The Dutch National Opera has chosen to open the year 2015 with a new production of a rarely performed work by Rossini: Il viaggio a Reims. This is taking quite a risk as the Amsterdam public has often shown little affinity with the “Swan of Pesaro”: even Olga Peretyatko, Lawrence Brownlee and Alex Esposito couldn’t sell out their Turco in Italia a couple of years ago. Judging from the enthusiastic cheers and roar of applause received by director Damiano Michieletto, conductor Stefano Montanari and the starry team of soloists, it was a risk worth taking.
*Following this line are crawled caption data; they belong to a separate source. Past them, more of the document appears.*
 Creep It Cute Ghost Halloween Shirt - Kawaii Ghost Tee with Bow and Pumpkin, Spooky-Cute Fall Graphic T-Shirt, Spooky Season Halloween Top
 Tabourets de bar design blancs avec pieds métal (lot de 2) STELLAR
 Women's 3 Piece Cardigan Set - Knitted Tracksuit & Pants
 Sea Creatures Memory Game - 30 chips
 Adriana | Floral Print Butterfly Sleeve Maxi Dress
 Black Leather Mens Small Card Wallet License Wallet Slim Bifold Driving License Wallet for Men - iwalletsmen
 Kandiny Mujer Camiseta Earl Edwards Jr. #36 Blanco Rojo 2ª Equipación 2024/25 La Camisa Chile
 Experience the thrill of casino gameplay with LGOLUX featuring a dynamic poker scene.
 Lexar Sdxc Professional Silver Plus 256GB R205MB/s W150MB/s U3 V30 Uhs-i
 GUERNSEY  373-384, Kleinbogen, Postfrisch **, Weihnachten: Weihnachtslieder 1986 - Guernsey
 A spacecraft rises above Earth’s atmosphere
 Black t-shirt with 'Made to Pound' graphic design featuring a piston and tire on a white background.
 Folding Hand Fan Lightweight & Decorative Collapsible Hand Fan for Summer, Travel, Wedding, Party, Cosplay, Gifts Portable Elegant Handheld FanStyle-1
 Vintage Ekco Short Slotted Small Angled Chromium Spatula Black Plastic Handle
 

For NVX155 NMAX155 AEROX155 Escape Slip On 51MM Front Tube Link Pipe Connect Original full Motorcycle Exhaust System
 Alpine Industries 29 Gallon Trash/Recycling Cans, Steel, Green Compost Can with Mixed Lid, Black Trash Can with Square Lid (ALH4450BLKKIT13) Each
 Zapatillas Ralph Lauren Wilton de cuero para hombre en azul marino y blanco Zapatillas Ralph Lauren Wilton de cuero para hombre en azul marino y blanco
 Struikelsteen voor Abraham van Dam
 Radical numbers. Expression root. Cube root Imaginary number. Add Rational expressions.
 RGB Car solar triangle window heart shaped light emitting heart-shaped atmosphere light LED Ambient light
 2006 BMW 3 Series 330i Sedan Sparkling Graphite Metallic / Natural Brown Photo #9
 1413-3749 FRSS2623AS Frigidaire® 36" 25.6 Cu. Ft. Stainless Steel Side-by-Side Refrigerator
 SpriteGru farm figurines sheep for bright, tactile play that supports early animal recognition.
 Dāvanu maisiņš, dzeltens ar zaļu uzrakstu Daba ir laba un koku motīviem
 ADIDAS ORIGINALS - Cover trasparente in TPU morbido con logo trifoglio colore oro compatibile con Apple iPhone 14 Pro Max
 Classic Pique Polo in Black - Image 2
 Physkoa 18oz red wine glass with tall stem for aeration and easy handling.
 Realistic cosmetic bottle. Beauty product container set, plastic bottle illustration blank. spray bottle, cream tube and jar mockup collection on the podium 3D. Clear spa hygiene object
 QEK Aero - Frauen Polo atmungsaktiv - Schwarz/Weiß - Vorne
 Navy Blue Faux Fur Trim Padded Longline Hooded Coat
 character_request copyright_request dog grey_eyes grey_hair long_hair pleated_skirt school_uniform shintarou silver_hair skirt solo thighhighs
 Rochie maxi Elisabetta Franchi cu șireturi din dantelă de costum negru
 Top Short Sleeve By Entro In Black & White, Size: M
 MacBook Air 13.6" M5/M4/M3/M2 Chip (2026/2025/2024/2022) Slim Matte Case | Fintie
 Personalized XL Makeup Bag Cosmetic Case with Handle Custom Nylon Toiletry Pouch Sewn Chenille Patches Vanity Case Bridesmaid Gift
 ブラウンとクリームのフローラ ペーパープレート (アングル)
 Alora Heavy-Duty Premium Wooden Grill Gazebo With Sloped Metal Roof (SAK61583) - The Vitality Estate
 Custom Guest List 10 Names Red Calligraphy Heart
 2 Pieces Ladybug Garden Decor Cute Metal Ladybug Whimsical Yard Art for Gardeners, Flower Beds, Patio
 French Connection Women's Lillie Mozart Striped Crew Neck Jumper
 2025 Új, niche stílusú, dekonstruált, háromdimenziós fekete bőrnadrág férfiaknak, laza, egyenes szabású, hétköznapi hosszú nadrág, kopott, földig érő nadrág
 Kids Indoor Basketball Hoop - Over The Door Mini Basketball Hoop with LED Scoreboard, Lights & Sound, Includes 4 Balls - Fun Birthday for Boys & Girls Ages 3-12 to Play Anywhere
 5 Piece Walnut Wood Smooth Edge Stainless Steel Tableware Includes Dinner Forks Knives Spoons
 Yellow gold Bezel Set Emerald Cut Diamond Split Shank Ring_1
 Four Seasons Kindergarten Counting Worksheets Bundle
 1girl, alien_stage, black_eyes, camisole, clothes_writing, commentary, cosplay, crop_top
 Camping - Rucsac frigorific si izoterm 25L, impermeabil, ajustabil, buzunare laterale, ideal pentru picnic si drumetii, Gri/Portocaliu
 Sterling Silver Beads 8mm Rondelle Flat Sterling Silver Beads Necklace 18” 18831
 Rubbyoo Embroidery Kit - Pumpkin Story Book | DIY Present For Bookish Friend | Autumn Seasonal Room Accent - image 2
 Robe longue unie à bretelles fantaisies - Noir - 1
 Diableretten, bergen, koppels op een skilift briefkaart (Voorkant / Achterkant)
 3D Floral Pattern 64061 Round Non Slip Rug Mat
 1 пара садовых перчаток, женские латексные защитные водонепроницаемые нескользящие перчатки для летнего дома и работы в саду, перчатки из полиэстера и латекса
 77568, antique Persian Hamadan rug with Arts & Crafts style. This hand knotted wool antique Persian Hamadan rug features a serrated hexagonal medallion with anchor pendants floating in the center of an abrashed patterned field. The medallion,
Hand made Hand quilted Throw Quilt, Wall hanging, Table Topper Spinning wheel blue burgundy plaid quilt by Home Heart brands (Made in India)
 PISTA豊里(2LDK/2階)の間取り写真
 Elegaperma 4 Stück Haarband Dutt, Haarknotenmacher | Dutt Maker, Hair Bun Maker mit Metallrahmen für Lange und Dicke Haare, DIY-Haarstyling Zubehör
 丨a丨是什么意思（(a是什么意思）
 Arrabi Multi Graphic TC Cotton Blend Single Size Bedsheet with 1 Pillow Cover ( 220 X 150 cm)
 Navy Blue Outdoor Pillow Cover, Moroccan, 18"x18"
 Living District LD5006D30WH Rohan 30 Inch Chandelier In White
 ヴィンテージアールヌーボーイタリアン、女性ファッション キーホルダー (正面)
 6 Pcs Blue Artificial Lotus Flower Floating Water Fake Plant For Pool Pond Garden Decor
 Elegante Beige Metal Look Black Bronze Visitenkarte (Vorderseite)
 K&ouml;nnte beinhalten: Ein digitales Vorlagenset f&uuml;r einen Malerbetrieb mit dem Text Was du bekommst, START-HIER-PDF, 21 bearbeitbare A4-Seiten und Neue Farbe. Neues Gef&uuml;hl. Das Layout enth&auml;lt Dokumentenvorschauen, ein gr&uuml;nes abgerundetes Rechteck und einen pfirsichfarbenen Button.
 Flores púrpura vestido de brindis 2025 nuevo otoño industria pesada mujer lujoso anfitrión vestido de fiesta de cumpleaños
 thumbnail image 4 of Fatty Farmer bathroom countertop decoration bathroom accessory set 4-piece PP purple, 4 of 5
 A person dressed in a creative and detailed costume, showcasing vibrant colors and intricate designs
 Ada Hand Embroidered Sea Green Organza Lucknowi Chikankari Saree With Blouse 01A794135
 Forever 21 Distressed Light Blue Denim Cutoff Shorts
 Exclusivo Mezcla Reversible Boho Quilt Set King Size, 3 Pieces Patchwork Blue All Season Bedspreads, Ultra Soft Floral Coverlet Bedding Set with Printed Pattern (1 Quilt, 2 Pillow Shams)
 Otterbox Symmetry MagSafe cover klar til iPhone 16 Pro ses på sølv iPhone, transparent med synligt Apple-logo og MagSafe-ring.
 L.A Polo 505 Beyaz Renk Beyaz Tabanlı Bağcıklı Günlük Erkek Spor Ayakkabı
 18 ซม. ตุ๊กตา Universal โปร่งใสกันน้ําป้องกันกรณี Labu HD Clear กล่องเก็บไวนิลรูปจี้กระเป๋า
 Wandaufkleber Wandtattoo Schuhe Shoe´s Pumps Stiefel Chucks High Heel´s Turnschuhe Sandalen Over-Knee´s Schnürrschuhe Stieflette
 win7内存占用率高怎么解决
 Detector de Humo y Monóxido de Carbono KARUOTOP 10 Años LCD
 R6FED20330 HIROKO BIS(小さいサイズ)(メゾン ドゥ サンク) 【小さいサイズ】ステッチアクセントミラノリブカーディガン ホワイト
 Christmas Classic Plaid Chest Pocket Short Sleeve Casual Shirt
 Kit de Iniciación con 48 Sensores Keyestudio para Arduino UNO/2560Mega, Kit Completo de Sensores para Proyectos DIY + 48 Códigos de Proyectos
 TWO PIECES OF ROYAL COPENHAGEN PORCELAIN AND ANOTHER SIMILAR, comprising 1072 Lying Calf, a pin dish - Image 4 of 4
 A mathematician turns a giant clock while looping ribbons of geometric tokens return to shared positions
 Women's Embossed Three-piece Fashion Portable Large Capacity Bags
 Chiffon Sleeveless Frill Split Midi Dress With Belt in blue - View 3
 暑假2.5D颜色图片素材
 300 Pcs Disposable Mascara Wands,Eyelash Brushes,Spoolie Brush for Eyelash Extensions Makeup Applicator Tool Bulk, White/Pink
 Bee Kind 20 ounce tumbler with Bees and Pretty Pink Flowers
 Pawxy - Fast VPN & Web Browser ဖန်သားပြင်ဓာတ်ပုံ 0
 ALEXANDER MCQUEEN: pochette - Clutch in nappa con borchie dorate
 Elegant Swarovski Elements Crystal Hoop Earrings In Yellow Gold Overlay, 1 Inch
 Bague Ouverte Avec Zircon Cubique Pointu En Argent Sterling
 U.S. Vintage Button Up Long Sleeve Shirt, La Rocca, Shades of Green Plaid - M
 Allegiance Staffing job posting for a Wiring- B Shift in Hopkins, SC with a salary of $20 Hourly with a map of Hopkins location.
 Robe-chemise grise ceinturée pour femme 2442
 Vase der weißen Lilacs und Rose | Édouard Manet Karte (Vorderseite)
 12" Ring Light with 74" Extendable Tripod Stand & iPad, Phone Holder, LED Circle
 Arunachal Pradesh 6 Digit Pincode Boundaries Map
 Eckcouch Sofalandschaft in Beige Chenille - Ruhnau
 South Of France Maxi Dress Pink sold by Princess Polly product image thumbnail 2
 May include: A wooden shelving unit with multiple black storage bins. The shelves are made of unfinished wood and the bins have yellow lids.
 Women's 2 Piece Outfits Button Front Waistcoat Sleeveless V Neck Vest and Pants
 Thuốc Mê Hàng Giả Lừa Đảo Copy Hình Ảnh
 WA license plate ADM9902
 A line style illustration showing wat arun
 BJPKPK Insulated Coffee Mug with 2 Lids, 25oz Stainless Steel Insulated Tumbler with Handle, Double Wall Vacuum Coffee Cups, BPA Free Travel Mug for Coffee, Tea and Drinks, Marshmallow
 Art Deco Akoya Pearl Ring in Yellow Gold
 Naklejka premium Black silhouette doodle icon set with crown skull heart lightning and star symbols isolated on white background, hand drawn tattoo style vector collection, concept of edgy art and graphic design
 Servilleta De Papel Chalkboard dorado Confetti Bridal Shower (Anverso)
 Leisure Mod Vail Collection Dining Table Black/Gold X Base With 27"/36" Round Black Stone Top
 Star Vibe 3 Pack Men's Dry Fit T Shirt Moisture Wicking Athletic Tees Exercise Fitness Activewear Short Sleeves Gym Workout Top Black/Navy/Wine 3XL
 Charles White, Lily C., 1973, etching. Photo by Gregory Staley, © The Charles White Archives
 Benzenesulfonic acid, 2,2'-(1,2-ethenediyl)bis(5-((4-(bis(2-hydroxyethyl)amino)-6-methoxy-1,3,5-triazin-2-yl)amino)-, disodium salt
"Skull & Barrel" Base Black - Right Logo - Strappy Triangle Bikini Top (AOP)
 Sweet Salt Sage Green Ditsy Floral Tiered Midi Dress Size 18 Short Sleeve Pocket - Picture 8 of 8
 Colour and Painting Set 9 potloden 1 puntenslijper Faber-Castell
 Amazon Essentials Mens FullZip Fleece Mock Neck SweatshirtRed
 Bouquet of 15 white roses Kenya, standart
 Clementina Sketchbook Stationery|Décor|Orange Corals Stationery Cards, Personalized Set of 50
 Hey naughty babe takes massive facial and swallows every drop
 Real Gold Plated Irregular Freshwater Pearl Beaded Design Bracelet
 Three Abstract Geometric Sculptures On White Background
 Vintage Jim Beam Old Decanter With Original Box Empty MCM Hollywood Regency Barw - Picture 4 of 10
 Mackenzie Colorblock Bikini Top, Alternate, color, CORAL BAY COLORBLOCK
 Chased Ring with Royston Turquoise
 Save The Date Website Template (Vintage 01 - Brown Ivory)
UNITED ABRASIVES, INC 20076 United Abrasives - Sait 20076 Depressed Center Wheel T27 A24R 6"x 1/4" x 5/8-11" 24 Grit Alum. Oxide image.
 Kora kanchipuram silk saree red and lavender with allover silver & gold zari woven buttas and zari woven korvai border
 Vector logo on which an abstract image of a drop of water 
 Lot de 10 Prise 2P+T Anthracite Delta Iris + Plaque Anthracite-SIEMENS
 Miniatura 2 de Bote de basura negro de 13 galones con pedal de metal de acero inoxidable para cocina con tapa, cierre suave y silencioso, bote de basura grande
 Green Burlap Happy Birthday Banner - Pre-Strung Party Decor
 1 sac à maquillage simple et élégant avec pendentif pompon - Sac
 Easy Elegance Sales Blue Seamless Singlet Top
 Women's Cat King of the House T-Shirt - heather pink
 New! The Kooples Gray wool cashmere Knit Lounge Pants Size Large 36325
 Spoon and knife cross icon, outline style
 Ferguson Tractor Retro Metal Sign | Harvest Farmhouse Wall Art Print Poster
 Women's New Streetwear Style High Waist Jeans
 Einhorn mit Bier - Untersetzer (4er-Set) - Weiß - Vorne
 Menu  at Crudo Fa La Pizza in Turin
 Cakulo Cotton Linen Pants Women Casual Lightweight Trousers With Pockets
Rossini’s last opera in Italian, Il viaggio was composed for the festivities around the coronation of King Charles X of France in 1825. It was never originally meant to survive beyond its four original performances at the Théâtre-Italien in Paris, and Rossini later reused most of its music for the better-known Le Comte Ory (1829). The first modern revival of Il viaggio a Reims at the Rossini Opera Festival in Pesaro in 1984, under the baton of Claudio Abbado, was a revelation: the music is some of the best Rossini ever composed, bel canto heaven. In spite of this successful revival, the work is still far too rarely performed. There are probably two main reasons to this. It is a very difficult work to cast as it requires no less than 14 soloists of the highest calibre; the original cast in 1825 included all the most famous voices of the time, headed by the acclaimed soprano Giuditta Pasta. Even more challenging is the libretto: how can a 21st century audience relate in any way with a rather meaningless comedy around the coronation of a French king of the Bourbon Restoration ?
The original plot can be summarized as follows: a loud and colourful company of European aristocrats from all corners of the continent are staying at the “Golden Lily” hotel (after the symbol of French Royalty) under the watch of landlady Madame Cortese. The company includes a coquettish Parisian countess, an enamoured English lord, a jealous Russian general and a dozen other characters. Their plan is to travel further to Rheims where, according to custom, Charles X will be crowned king of France the next day. They soon appear to all be stranded in the hotel as there are no horses left to resume their journey. They cheer up at the news of lavish festivities being organised in Paris for the return of the king in the capital and decide to take the regular stagecoach to Paris the next day. In the meantime, a banquet is organized at “the Golden Lily” during which the merry company sings the glory of France and its new king.